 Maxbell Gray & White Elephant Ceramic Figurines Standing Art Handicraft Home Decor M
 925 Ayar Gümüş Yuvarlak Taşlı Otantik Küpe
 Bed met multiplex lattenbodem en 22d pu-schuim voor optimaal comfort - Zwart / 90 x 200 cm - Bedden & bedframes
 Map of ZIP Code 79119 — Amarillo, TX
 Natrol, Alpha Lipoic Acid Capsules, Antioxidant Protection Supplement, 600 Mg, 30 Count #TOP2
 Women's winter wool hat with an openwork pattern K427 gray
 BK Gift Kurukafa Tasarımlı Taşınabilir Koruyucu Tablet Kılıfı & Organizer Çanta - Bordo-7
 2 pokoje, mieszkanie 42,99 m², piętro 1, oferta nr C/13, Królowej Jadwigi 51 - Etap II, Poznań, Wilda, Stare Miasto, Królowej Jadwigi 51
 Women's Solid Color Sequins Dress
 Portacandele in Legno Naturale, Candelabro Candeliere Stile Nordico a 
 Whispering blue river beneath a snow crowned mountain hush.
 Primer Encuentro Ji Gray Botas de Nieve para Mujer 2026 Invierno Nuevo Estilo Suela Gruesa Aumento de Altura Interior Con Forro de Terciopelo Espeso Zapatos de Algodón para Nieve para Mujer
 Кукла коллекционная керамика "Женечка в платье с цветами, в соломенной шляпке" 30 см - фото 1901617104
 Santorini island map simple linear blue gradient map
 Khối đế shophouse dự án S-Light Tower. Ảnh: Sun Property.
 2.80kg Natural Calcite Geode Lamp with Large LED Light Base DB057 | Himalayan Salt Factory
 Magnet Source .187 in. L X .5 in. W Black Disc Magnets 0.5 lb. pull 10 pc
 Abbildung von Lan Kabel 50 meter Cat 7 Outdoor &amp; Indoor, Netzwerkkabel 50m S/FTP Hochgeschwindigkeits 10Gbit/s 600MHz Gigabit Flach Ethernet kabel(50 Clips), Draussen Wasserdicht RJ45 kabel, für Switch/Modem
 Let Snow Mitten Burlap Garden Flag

Exercise:
Reproduce the material exactly, and keep every line as it is.

Reply:
 Maxbell Gray & White Elephant Ceramic Figurines Standing Art Handicraft Home Decor M
 925 Ayar Gümüş Yuvarlak Taşlı Otantik Küpe
 Bed met multiplex lattenbodem en 22d pu-schuim voor optimaal comfort - Zwart / 90 x 200 cm - Bedden & bedframes
 Map of ZIP Code 79119 — Amarillo, TX
 Natrol, Alpha Lipoic Acid Capsules, Antioxidant Protection Supplement, 600 Mg, 30 Count #TOP2
 Women's winter wool hat with an openwork pattern K427 gray
 BK Gift Kurukafa Tasarımlı Taşınabilir Koruyucu Tablet Kılıfı & Organizer Çanta - Bordo-7
 2 pokoje, mieszkanie 42,99 m², piętro 1, oferta nr C/13, Królowej Jadwigi 51 - Etap II, Poznań, Wilda, Stare Miasto, Królowej Jadwigi 51
 Women's Solid Color Sequins Dress
 Portacandele in Legno Naturale, Candelabro Candeliere Stile Nordico a 
 Whispering blue river beneath a snow crowned mountain hush.
 Primer Encuentro Ji Gray Botas de Nieve para Mujer 2026 Invierno Nuevo Estilo Suela Gruesa Aumento de Altura Interior Con Forro de Terciopelo Espeso Zapatos de Algodón para Nieve para Mujer
 Кукла коллекционная керамика "Женечка в платье с цветами, в соломенной шляпке" 30 см - фото 1901617104
 Santorini island map simple linear blue gradient map
 Khối đế shophouse dự án S-Light Tower. Ảnh: Sun Property.
 2.80kg Natural Calcite Geode Lamp with Large LED Light Base DB057 | Himalayan Salt Factory
 Magnet Source .187 in. L X .5 in. W Black Disc Magnets 0.5 lb. pull 10 pc
 Abbildung von Lan Kabel 50 meter Cat 7 Outdoor &amp; Indoor, Netzwerkkabel 50m S/FTP Hochgeschwindigkeits 10Gbit/s 600MHz Gigabit Flach Ethernet kabel(50 Clips), Draussen Wasserdicht RJ45 kabel, für Switch/Modem
 Let Snow Mitten Burlap Garden Flag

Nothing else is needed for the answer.